Cette succession de guerres a dévasté les pays du G5. Selon l’ONU, près de 5 millions de personnes ont dû fuir leurs foyers et 24 millions de personnes ont besoin d'aide humanitaire. Même les responsables maliens maintenus au pouvoir par l'intervention française critiquent à présent la guerre en Libye, qu'ils rendent responsables du chaos qui sévit dans la région. Le ministre des Affaires étrangères du Mali, Abdoulaye Diop, a traité la guerre «d'erreur stratégique» dont les retombées n'ont pas été «bien gérées».
Alors que les troupes américaines interviennent également au Niger et dans la région, les différends montent entre les puissances impérialistes et aussi avec la Chine dont l'influence politique en Afrique monte en parallèle avec son influence commerciale. Les États-Unis – hostiles à l'exigence française d'un fonctionnement des opérations en Afrique sous l'égide de l'ONU et réticents à financer l'armée française – émettent de sérieuses réserves quant au G5.
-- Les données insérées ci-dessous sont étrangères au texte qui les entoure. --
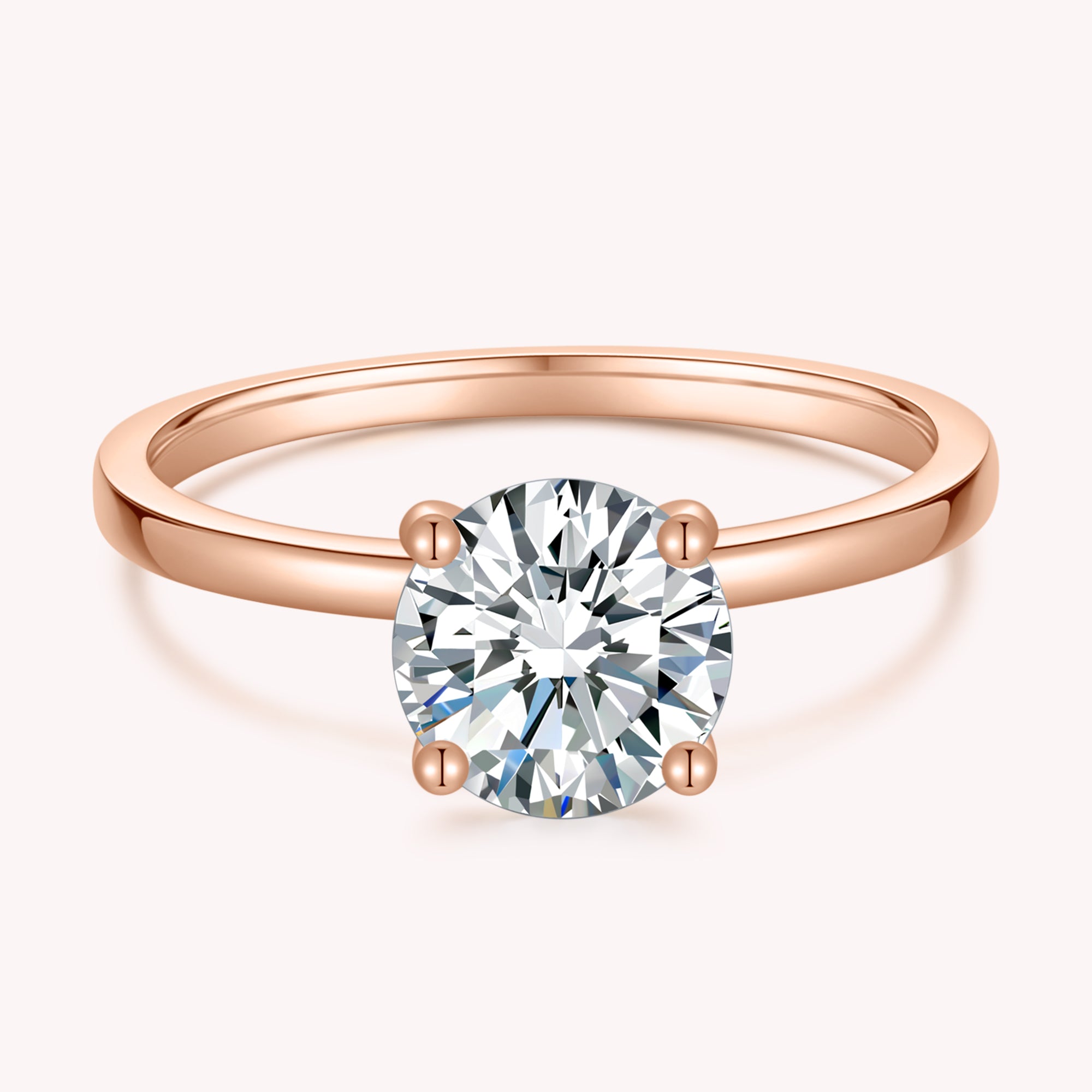 Solitaire Moissanite Diamond Ring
Washington refuse notamment de financer le G5 par l'intermédiaire de l'ONU, alors que l’administration Trump vise à réduire les subventions versées à l'ONU par les Etats-Unis et préfère subventionner directement les pays membres du G5. Washington a annoncé une aide de 51 millions d’euros aux pays de cette force et a déclaré que ces fonds n’iraient pas à l’ONU.
L’aide américaine doit «renforcer nos partenaires régionaux dans leur combat pour assurer la sécurité et la stabilité face au groupe djihadiste État islamique et aux autres réseaux terroristes», a estimé le secrétaire d’État américain, Rex Tillerson. «C’est un combat que nous devons gagner, et cet argent va jouer un rôle-clé pour y parvenir», a-t-il ajouté.
L'ambassadrice américaine à l'ONU, Nikki Haley, a plus vertement critiqué la stratégie de Paris. «Ils ne peuvent pas nous expliquer leur but, ou comment ils vont procéder», a-t-elle déclaré sur CNN. «Si ensuite ils reviennent et nous montrent une stratégie, et si c'est quelque chose dont le général Mattis et le général Dunford pensent que ça va dans le bon sens, on sera d'accord. ... Mais pour le moment ils ne nous montrent pas ça, alors pour nous, ça n'a pas de sens.»
Sur fond de tensions franco-américaines, le régime stalinien chinois soutient, du moins en surface, la nouvelle force mise en place par l'impérialisme français, afin de développer son influence. Wu Haitao, le vice-représentant permanent de la Chine auprès de l’ONU, a déclaré qu'il «faudrait soutenir cette alliance tout en tenant compte du rôle dirigeant des forces régionales et de la souveraineté des pays de l'alliance». Beijing a déjà établi son propre fonds d'aide pour le Sahel.